= 21st Century Tiger =

Fundraising organisation (1997–2018)

21st Century Tiger logo

21st Century Tiger was a fundraising organisation for wild tiger conservation projects. It was formed in 1997 as a partnership between the Zoological Society of London (ZSL), Global Tiger Patrol (GTP) and Tusk Force (both now defunct) so that the three groups could collaborate, rather than compete, in raising money for tigers in the UK. The two current members of the coalition are ZSL and Dreamworld Wildlife Foundation (DWF). Based in offices provided by ZSL in Regent's Park, London, and with administration funded by a sponsor, it is able to spend 100% of funds raised on tiger projects. Since its inception, 21st Century Tiger has provided over £2 million to over 70 tiger projects in seven countries.

In 2018, 21st Century Tiger merged with the Amur Leopard and Tiger Alliance (ALTA) to become "WildCats Conservation Alliance" in an effort to streamline administration and resources, while continuing the partnership between ZSL and DWF.

==History==
21st Century Tiger was established in 1997 and formally launched at the Tigers 2000 meeting at ZSL in 1997 by John Gummer, the then UK Minister for the Environment. It assisted the UK's Department for Environment, Food and Rural Affairs (DEFRA) in channelling funds for tiger conservation to effective projects in tiger range. Current support has come from members of the public, businesses, and notably from zoos, particularly in Europe and Australasia.
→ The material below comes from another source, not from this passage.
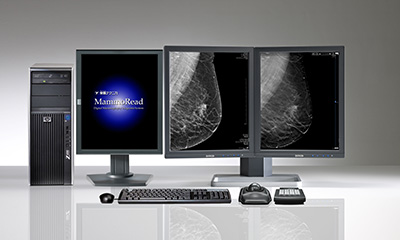 「デジタル・マンモグラフィ画像診断」コーナー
Realising the potential fundraising abilities of the European Zoo community, between 2002 and 2004 the European Association of Zoos and Aquaria (EAZA) Tiger Campaign in European zoos raised over three-quarters of a million euros which was channelled through 21st Century Tiger. Over 130 zoos in 24 countries took part in the campaign, from Finland to France and from Ireland to Russia.
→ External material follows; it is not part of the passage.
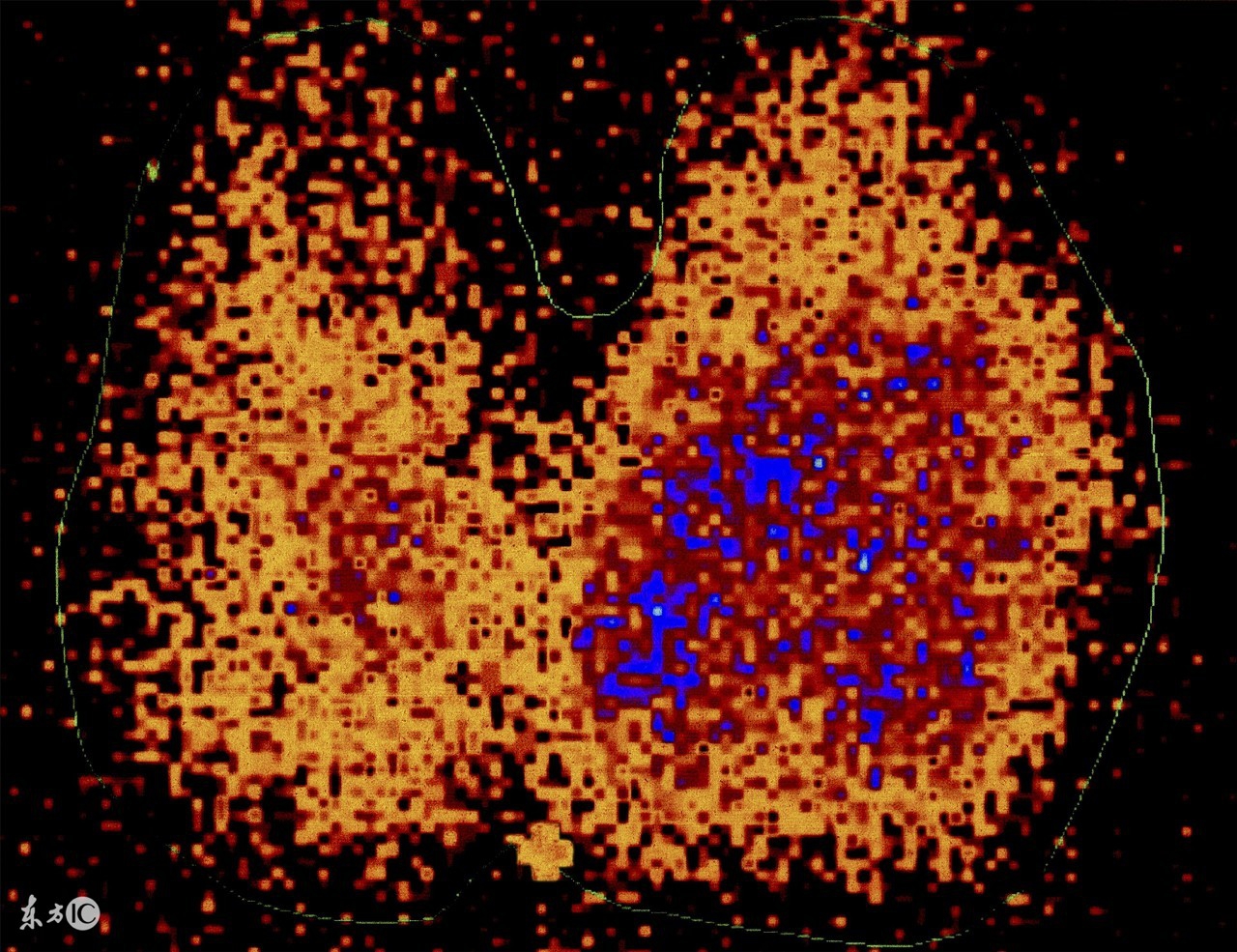 甲状腺同位素I131,131i甲状腺功能测定不能吃什么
Zoo and Aquarium Association (Australasia) formerly known as ARAZPA, launched a parallel tiger campaign during 2003, also using 21st Century Tiger to channel the funds and raised more than A$100,000. ZAAA zoos hold only the Sumatran tiger, unlike European zoos which have both Amur and Sumatran, and their efforts continue to be focused on projects in Sumatra.

==Projects==
Since its inception, 21st Century Tiger has funded over 70 projects, distributing over £2 million and supported projects in seven countries - India, Indonesia, China, Malaysia, Cambodia, Thailand and Russia. The projects cover a wide spectrum of requirements for tiger conservation, including training for wildlife rangers in the application of wildlife law, jungle survival and identification of endangered species, support for anti-poaching units which deal directly with poachers, uncover networks of illegal trading, and even advise in cases of human-tiger conflict. In Russia and Indonesia scientific research is also funded, including studies of tiger home ranges and tiger prey densities, and of methods for limiting the habitat damage caused by economic development. Comprehensive and thorough research provides a sound scientific basis for conservation planning and is an essential part of any conservation programme. 21st Century Tiger also funds education and awareness raising programmes within tiger range countries; vital for ensuring sustainable local support for wildlife conservation.
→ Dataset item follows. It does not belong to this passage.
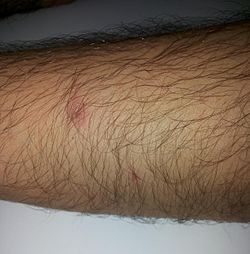 Superficial chemical burn caused by two 98% sulfuric acid splashes (forearm skin)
21st Century Tiger works with a range of organisations from the internationally known Wildlife Conservation Society (WCS) and International Fund for Animal Welfare (IFAW) to small, focused local groups such as Phoenix Fund in Russia. All projects submitted for funding are rigorously examined by a panel of international experts. The projects must have sound practical scientific and conservation value and use local staff wherever possible.

==Year of the Tiger and beyond==
The international conservation community who met at the Kathmandu Tiger Workshop in late 2009, announced in their official recommendations that we should "celebrate 2010, Year of the Tiger, throughout the world, to create global awareness of the critical plight of the wild tiger and enlist broad and deep support for their conservation". 21st Century Tiger did just that and worked with other NGOs, businesses, the zoo community and members of the public and raised over £144,000 for tigers. The International Tiger Forum took place in St. Petersburg, described by Simon Stuart of the IUCN as "the most significant meeting ever held to discuss the fate of a single non-human species". The conference brought the plight of wild tigers to the world's attention, there were promises of funding, attendance by world leaders and much press. The initial push during 2010 was impressive, but that momentum must be sustained to ensure a future for tigers in the wild.